Berk requires the following environment variables to be set:

  • BERK_ROOT: Path to the root directory in which Berk will work. Inside this directory, several other directories will be created (e.g., processing, products).

  • BERK_MSCACHE: Path to a directory where downloaded measurement sets will be stored.

  • BERK_PLATFORM: Needed for setting the compute cluster environment (workload manager to use etc.). Currently, this should be set to either 'chpc' or 'hippo'.

  • BERK_NODES_FILE: Used only by the collect task, this should be a path (or URL) to a file that specifies BERK_ROOT directories on remote computers that you wish to collect from (see below).

  • BERK_INFO_FILE: Used by the list task, this should be a URL that points to a file containing information on the processed fields (e.g., products/images.fits, as produced by the builddb task).

Workflow

Everything that the user can ask Berk to do is controlled with the berk command.

A typical workflow would consist of the following (each of these tasks must be completed in this order):

berk fetch -o https://archive-gw-1.kat.ac.za/captureBlockId/captureBlockId_sdp_l0.full.rdb?token=longTokenString:

Fetch data from the MeerKAT archive, and store it where Berk can find it. Here, the -o argument should be provided with a link to a .rdb file on the MeerKAT archive, as indicated above. You will probably need to run this task from within, e.g., GNU Screen.

berk process -o captureBlockId:

Submit jobs to calibrate and image the MeerKAT observations (identified by captureBlockId) using Oxkat. At present, this runs to the 2GC (self-calibration) stage, producing continuum images.
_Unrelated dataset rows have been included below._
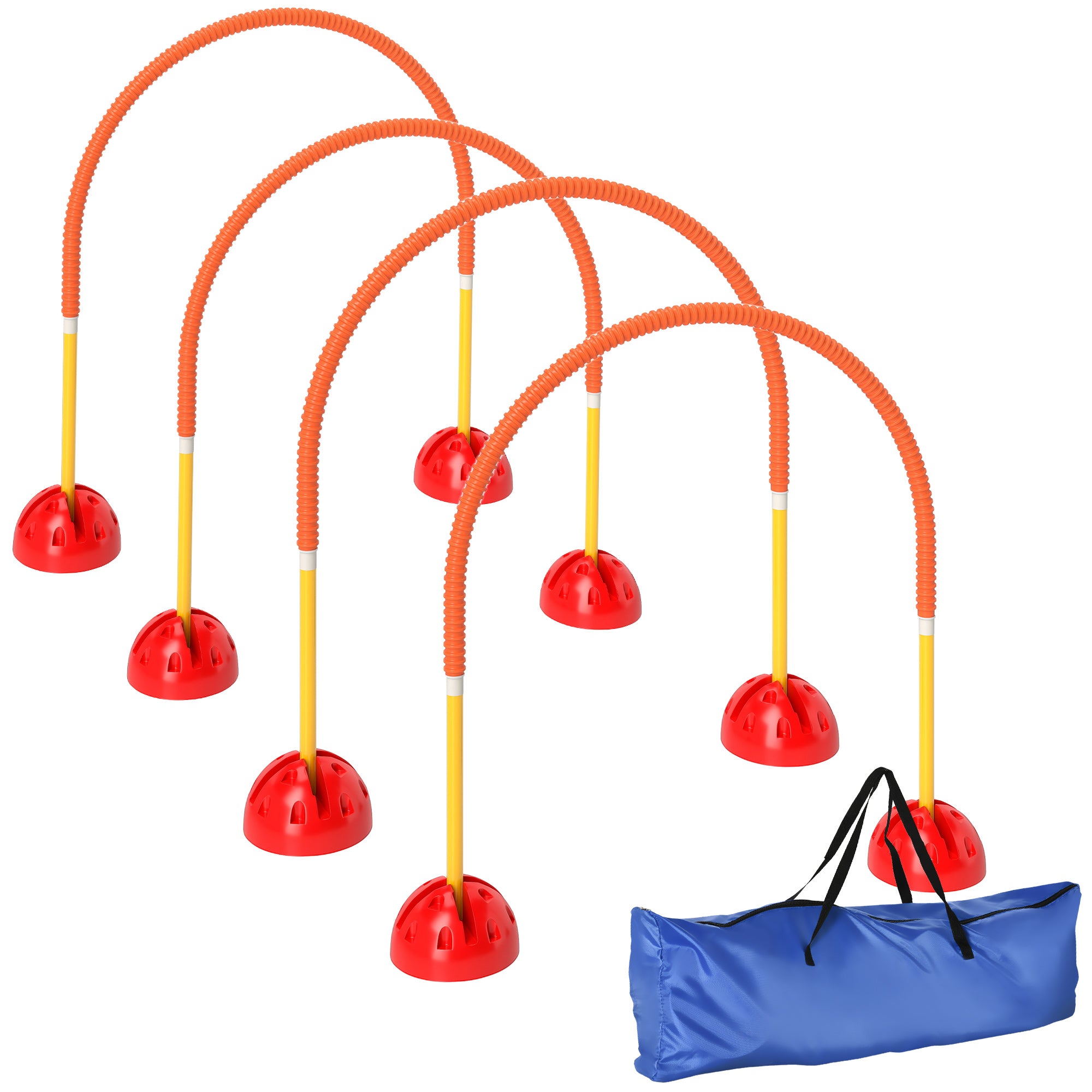 PawHut 4 Piece Dog Agility Equipment, Dog Agility Course Backyard Set with 4 Adjustable Width Doors, Carry Bag, Easy Assemble & Portable Dog Agility Training Set, Orange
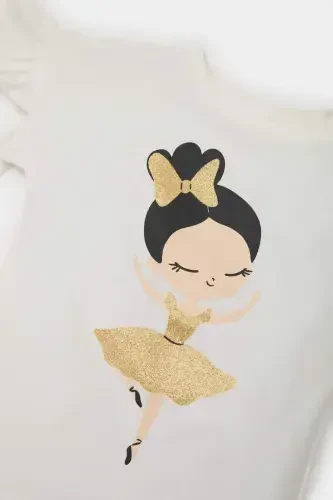 Baby Girl Bicycle Collar Ballerina Printed Short Sleeve - DEFACTO (1)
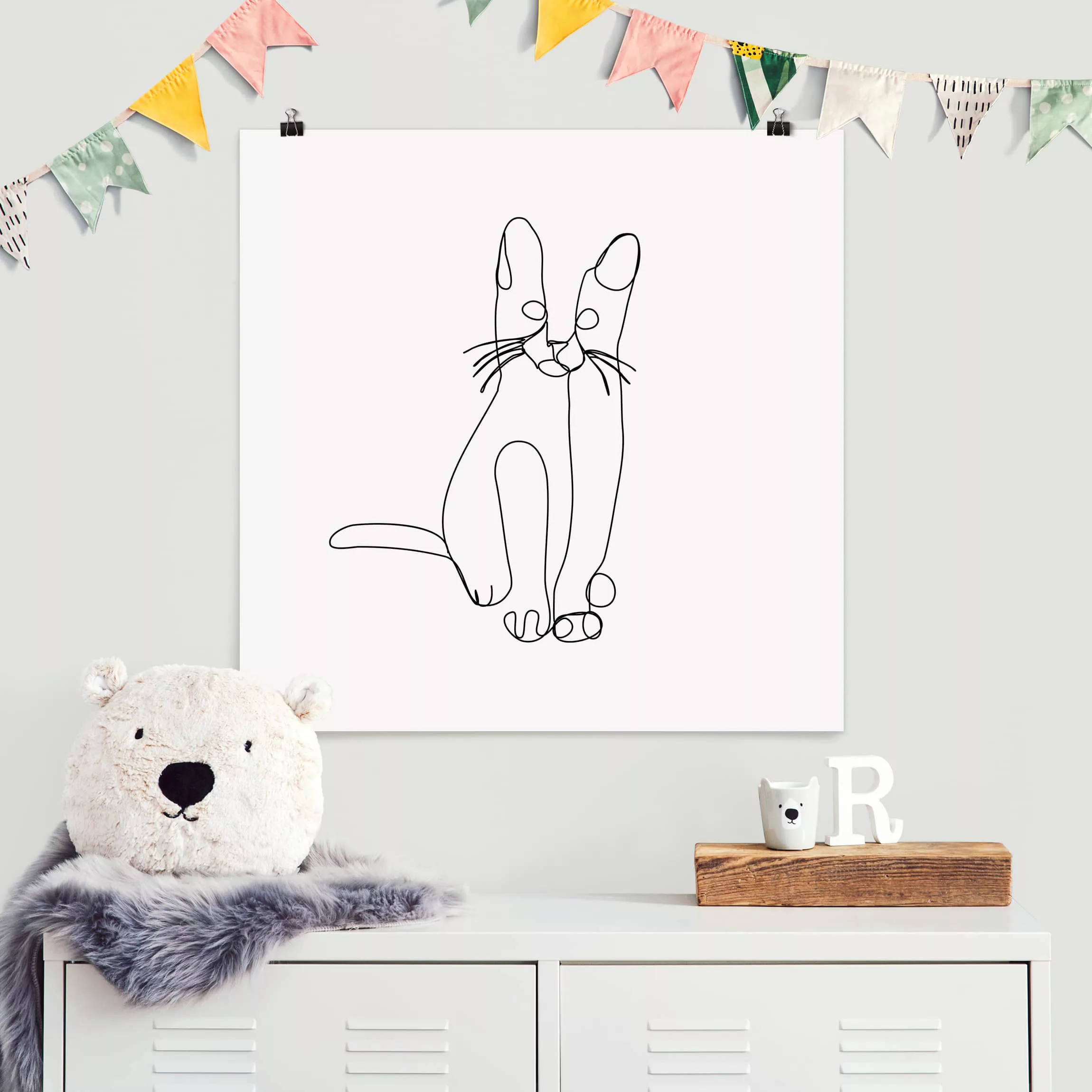 Poster Tiere - Quadrat Katze Line Art günstig online kaufen
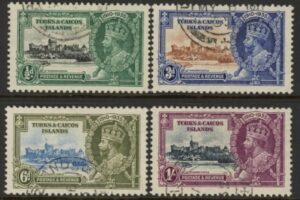 1935 Turks & Caicos SG.187-90  KGV 1935 Silver Jubilee Set of 4 values  Used
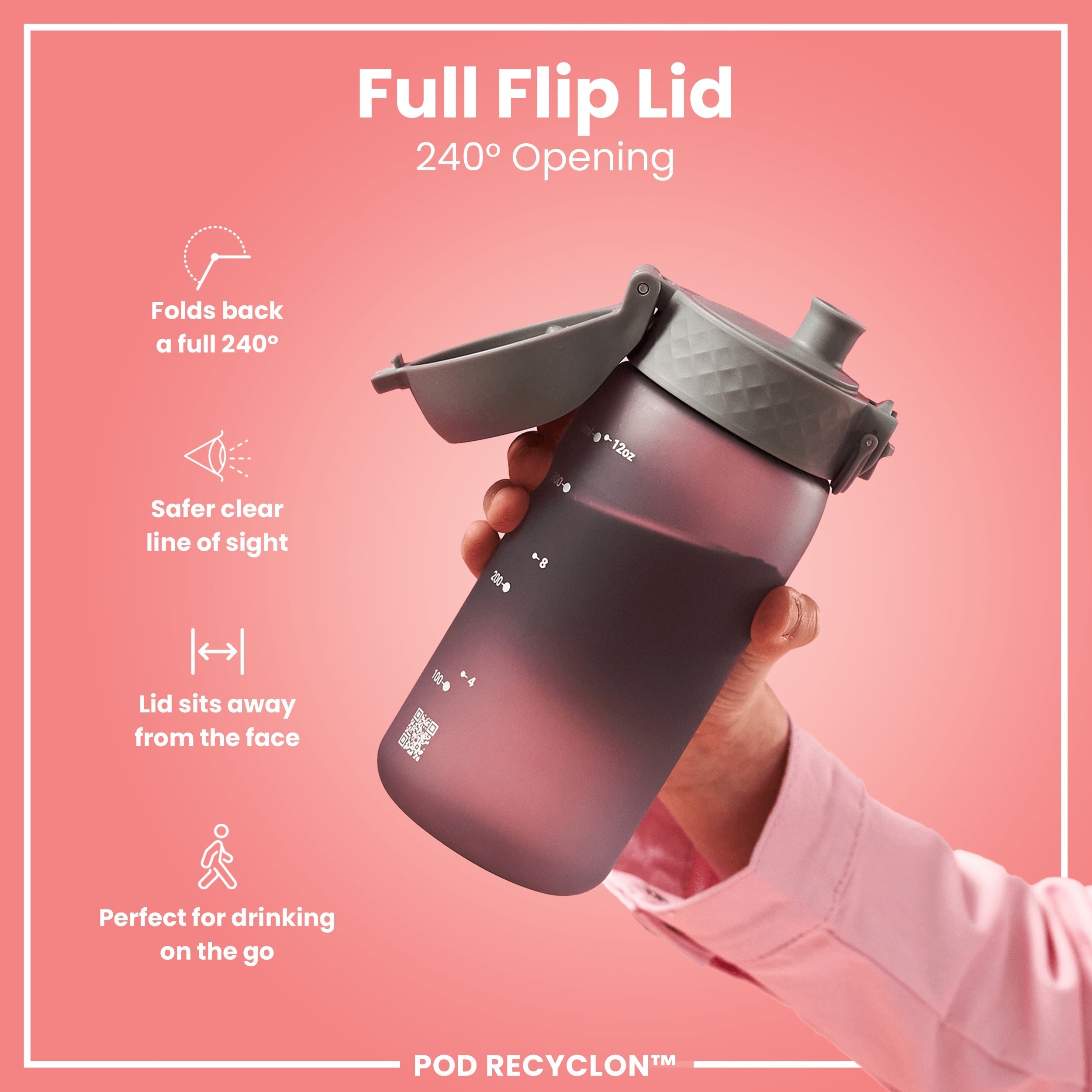 Leak Proof Small Water Bottle With Straw, Recyclon, Grey, 350ml (12oz)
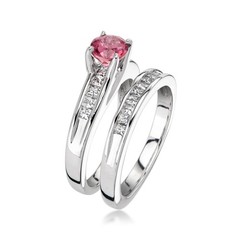 Vint Pnk Tourmaline & Diamond Bridal Set: Engagement & Wedding Rings in 14k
berk analyse -o captureBlockId:

Produce primary beam corrected images and create catalogs from them using PyBDSF.

berk collect:

Collect data products (primary beam corrected images and catalogs) and copy them into the BERK_ROOT/products directory. The BERK_NODES file is used to specify locations of the BERK_ROOT directories on remote machines (one per line, in the format user@hostname:$PATH_TO_BERK_ROOT), from which data products will be collected using rsync.

Other tasks include:

berk list:

List observations (i.e., measurement sets) found in the BERK_MSCACHE directory, by their captureBlockId.